A simple recursive check would be enough, and return as early as possible, we assume it input is not a list or contains non-lists it is not empty

def isEmpty(alist):
    try:
        for a in alist:
            if not isEmpty(a):
                return False
    except:
        # we will reach here if alist is not a iterator/list
        return False

    return True

alist = []
blist = [alist]               # [[]]
clist = [alist, alist, alist] # [[], [], []]
dlist = [blist]               # [[[]]]
elist = [1, isEmpty, dlist]

if isEmpty(alist): 
    print "alist is empty"

if isEmpty(dlist): 
    print "dlist is empty"

if not isEmpty(elist): 
    print "elist is not empty"

You can further improve it to check for recursive list or no list objects, or may be empty dicts etc.

Answer 7

def isEmpty(a):
    return all(map(isEmpty,a)) if isinstance(a, list) else False

Simply.

Answer 8

If you want to check if the nested list has no item in it, you can use a Depth First Search (DFS) traversing method like this

def is_list_empty(values: list):
    
    if len(values) == 0:
        return True

    res = []
    for val in values:
        if isinstance(val, list):
            res.append(is_list_empty(val))
        else:
            res.append(False)
    
    return all(res)

v_list = [ [], [[1, 2], [], []], []]
is_list_empty(v_list)  # False, as there are two times in it.
v_list = [ [], [[], [], []], []]
is_list_empty(v_list)  # True, in fact ther is no item in it.
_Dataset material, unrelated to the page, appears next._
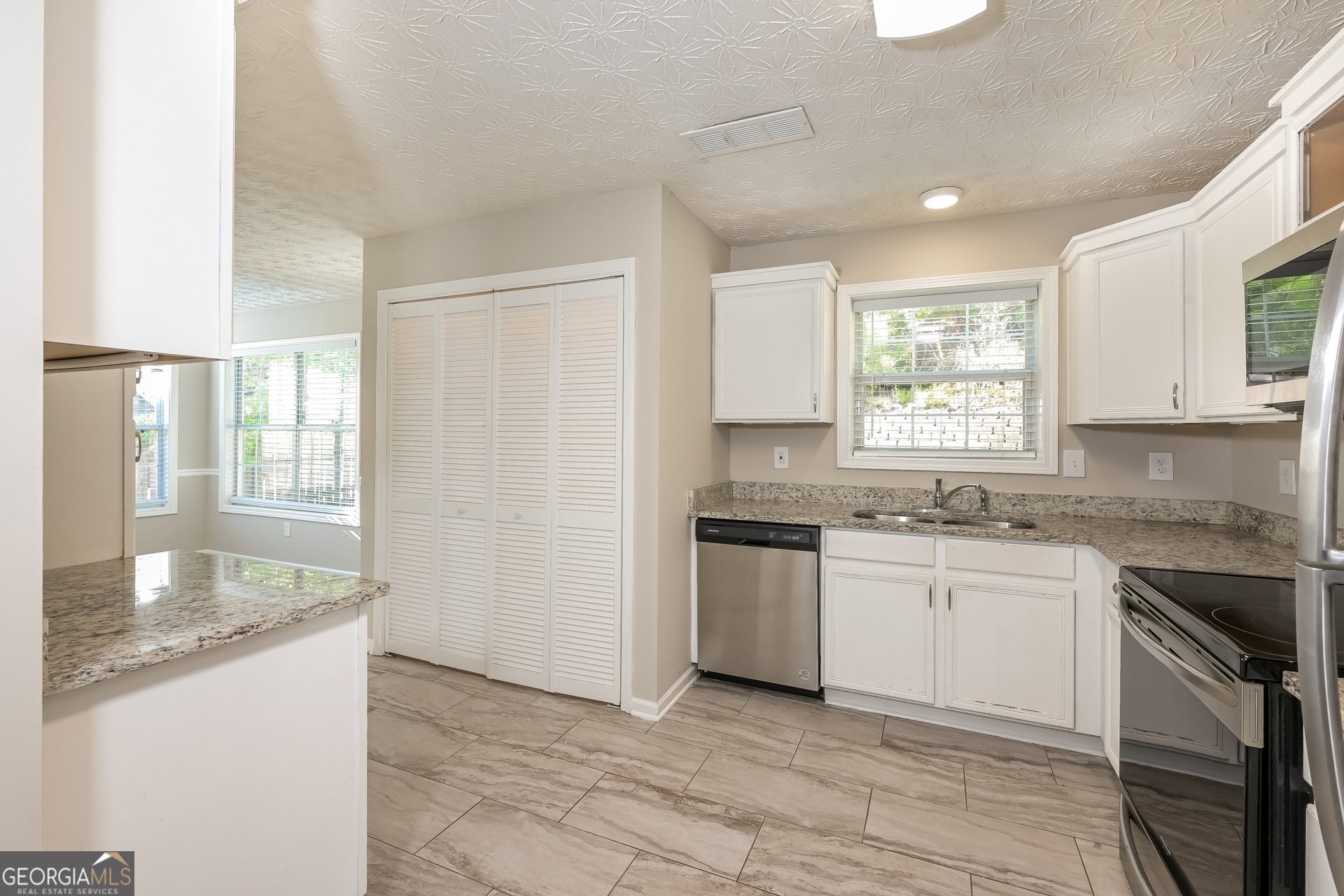 7161 Bowie Drive Property Photo 8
This is similar to @AshwinNanjappa's answer but it is easier to understand.

Answer 9

It is possible to check if a list of lists is empty or not by using len function to check if the list's length equal to zero or not, then use any to give True if there is any True (There is at least one empty sublist), as shown:

def empty(lis):
    # True if there is an empty sublist
    x = [True for i in lis if len(i) == 0]
    # any function will return True if at least there is one True in x
    if any(x):
        print("There is an empty sublist!!")
    else:
        print("There is no any empty sublist")
        
lis = [[1,2,3],[3],[2]]
empty(lis)
# The output is: There is no any empty sublist
lis2 = [[1,2,3],[],[]]
empty(lis2)
# The output is: There is an empty sublist!!